[<prev] [next>] [<thread-prev] [thread-next>] [day] [month] [year] [list]
Message-ID: <50d828d1-2ce6-21b4-0e27-fb15daa77561@nvidia.com>
Date: Mon, 14 Jun 2021 23:37:51 -0700
From: John Hubbard <jhubbard@...dia.com>
To: Jann Horn <jannh@...gle.com>,
Andrew Morton <akpm@...ux-foundation.org>
CC: <linux-mm@...ck.org>, <linux-kernel@...r.kernel.org>,
Matthew Wilcox <willy@...radead.org>,
"Kirill A . Shutemov" <kirill@...temov.name>,
Jan Kara <jack@...e.cz>, <stable@...r.kernel.org>
Subject: Re: [PATCH v2] mm/gup: fix try_grab_compound_head() race with
split_huge_page()
On 6/14/21 6:20 PM, Jann Horn wrote:
> try_grab_compound_head() is used to grab a reference to a page from
> get_user_pages_fast(), which is only protected against concurrent
> freeing of page tables (via local_irq_save()), but not against
> concurrent TLB flushes, freeing of data pages, or splitting of compound
> pages.
>
> Because no reference is held to the page when try_grab_compound_head()
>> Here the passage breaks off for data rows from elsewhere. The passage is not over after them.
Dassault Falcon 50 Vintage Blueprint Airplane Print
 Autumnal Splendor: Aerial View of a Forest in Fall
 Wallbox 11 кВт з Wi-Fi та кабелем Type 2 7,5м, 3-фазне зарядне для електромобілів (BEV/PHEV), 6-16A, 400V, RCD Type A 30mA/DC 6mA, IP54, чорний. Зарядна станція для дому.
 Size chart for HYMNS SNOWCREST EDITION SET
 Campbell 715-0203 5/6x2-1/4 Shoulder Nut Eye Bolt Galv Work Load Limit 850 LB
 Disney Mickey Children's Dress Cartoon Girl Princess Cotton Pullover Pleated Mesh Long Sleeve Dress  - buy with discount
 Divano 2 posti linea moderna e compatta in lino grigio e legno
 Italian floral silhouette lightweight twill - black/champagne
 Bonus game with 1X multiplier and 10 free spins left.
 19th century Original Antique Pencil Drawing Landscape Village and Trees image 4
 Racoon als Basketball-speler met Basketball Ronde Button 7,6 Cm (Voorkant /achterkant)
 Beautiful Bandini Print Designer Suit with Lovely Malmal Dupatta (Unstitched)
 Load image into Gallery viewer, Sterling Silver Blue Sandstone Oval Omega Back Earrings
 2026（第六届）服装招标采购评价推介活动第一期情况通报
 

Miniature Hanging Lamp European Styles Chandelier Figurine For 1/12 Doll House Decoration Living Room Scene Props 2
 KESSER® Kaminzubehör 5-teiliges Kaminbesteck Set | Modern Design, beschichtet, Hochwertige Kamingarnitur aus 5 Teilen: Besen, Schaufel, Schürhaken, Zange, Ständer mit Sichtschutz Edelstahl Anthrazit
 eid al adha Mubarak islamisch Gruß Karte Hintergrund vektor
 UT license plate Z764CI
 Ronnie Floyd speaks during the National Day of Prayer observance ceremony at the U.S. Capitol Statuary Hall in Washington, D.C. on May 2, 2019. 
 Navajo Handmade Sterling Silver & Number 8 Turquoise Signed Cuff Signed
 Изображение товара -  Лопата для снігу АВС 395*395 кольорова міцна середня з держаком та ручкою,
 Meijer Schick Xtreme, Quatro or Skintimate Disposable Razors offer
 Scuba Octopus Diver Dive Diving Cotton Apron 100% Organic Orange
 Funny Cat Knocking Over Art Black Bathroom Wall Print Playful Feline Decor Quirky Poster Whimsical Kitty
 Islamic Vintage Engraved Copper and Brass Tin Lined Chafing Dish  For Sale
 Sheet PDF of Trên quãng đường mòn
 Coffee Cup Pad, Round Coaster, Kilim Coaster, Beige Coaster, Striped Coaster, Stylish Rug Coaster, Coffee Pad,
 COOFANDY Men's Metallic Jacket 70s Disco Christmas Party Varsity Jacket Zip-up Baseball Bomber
> is called, the page may have been freed and reallocated by the time its
> refcount has been elevated; therefore, once we're holding a stable
> reference to the page, the caller re-checks whether the PTE still points
> to the same page (with the same access rights).
>
> The problem is that try_grab_compound_head() has to grab a reference on
> the head page; but between the time we look up what the head page is and
> the time we actually grab a reference on the head page, the compound
> page may have been split up (either explicitly through split_huge_page()
> or by freeing the compound page to the buddy allocator and then
> allocating its individual order-0 pages).
> If that happens, get_user_pages_fast() may end up returning the right
> page but lifting the refcount on a now-unrelated page, leading to
> use-after-free of pages.
>
> To fix it:
> Re-check whether the pages still belong together after lifting the
> refcount on the head page.
> Move anything else that checks compound_head(page) below the refcount
> increment.
>
> This can't actually happen on bare-metal x86 (because there, disabling
> IRQs locks out remote TLB flushes), but it can happen on virtualized x86
> (e.g. under KVM) and probably also on arm64. The race window is pretty
> narrow, and constantly allocating and shattering hugepages isn't exactly
> fast; for now I've only managed to reproduce this in an x86 KVM guest with
> an artificially widened timing window (by adding a loop that repeatedly
> calls `inl(0x3f8 + 5)` in `try_get_compound_head()` to force VM exits,
> so that PV TLB flushes are used instead of IPIs).
>
> As requested on the list, also replace the existing VM_BUG_ON_PAGE()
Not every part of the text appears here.